=== Data segment ===
------------------------------------------------------------------------

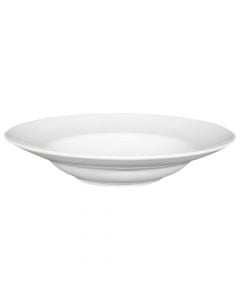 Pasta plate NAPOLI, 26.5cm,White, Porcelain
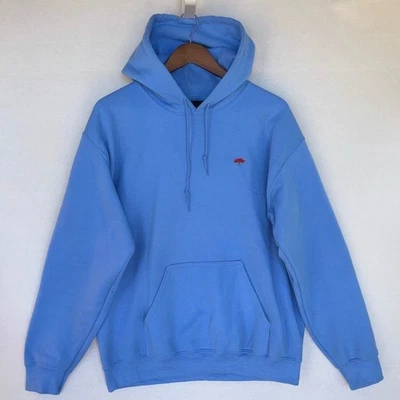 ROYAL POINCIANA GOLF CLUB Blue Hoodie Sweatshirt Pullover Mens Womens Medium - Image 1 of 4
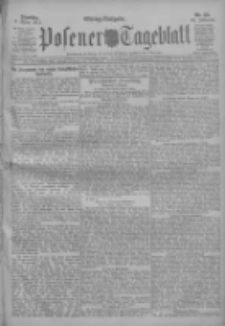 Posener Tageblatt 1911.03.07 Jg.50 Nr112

------------------------------------------------------------------------

Please write out all the data word for word, but keep every picture out.

=== Written response ===
 Pasta plate NAPOLI, 26.5cm,White, Porcelain
 ROYAL POINCIANA GOLF CLUB Blue Hoodie Sweatshirt Pullover Mens Womens Medium - Image 1 of 4
 Posener Tageblatt 1911.03.07 Jg.50 Nr112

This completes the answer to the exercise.